Do new cameras make a difference?

Recently I've read about more and more photographers turning from digital to film cameras. Many of them never took photographs seriously before the digital age and now that they've discovered the joys of capturing an image, well it's natural that they want to find ways of improving their photography.

I've written before about the fascination photographers have with the technology involved in making an image. Judging by the latest trend of photographers turning to film, and praising it, I think that the ever present marketing spin has lodged firmly in their minds.

What's the spin you may ask? Well the heart of it is that using a different camera or medium like film or digital is going to improve your photography. Of course that's nonsense. I see many photographers not quite getting the results they want with their digital SLRs. So what do they do? Switch to film. If you are such a photographer my advice is stick to the minimum equipment you can. Travel light. Pick the right lens for the job and stick with it.

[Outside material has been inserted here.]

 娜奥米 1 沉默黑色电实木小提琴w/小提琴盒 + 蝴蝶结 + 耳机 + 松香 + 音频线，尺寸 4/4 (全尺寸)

Switching cameras or from film to digital or the other way round is purely a question of workflow. Yes the fine aesthetics of the results are different. Each medium has it's own quality but you have to be a really exceptionally talented and visionary photographer to extract the benefits and play to the strenghts of the different media.

Concentrate on improving your images. Not on equipment. Time and again it's been shown that if you put a disposable camera with a crap lens in the hands of a talented photographer she'll get an interesting result, the product of a creative vision. So equipment really doesn't make one a better photographer.

There is a rider on what I've said above. Using new equipment can stimulate a photographer's creative vision. Any new technology can inspire. I remember when I first used a super wide lens. Mind you it took awhile of trying things before I got my first really good photograph. But yes, it can stimulate creativity.

To sumarise: the main thing is to concentrate on improving your images. All the best photographers know their equipment inside out. That's the answer. Not switching from digital to film. You'll probably switch back again in two months and upgrade to a more expensive digital camera, still chasing that elusive improvement in your photography.

As always, your comments are welcome.